To characterize atmospheric conditions at the Maroua site, the surface pressure and total column quantities for water vapor, ozone and cloud cover were extracted from the 2014 ECMWF database. The annual variations of these quantities are illustrated in Figure 3, where horizontal segments represent monthly averages. The TCC is particularly analyzed in Section 3.2.2.

Surface pressure is closely related to the atmospheric circulation described previously. During the first dry period, the surface pressure decreased from 967.2 mbar in January to the minimum value, about 964.0 mbar in April, when the monsoon flux takes place. Next, the pressure increased to reach a stable level around the maximum (968.2 mbar) between June and September in the wet period. Afterward, a slight decrease occurred during October and November, when the monsoon flux withdraws. The variation in the surface pressure in Maroua followed closely the variation presented in [47] at 10${}^{\circ }$ N latitude with an annual average of 966.3 mbar. The regional circulation under the monsoon flux and the displacement of the ITCZ from South to North explain these variations and lead to the rainy season being between June and September in Maroua.
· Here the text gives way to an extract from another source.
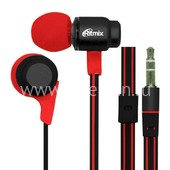 Наушники RITMIX RH-185 (черные/красные) Наушники RITMIX RH-185 (черные/красные)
Regarding the TCWV average (32 kg/m${}^2$) in 2014, a dry period (November–April) and a humid period (May–October) with potential rainfall appeared clearly. In January and February, the atmosphere was influenced by the dry Harmattan wind with TCWV values of around 14 kg/m${}^2$. It gradually gained water vapor under the monsoon to reach a maximum of around 50 kg/m${}^2$ from June to September. From the beginning of October, the content in the water vapor decreased gradually to 15 kg/m${}^2$ in December with the return of the Harmattan. The variations and values of the TCWV in Maroua ( $10.61$${}^{\circ }$ N, $14.36$${}^{\circ }$ E; 398 m) that year were in the same order of magnitude as those measured by a microwave radiometric profiler in Niamey ( $13.48$${}^{\circ }$ N, $2.17$${}^{\circ }$ E; 223 m) during the year 2006 [11].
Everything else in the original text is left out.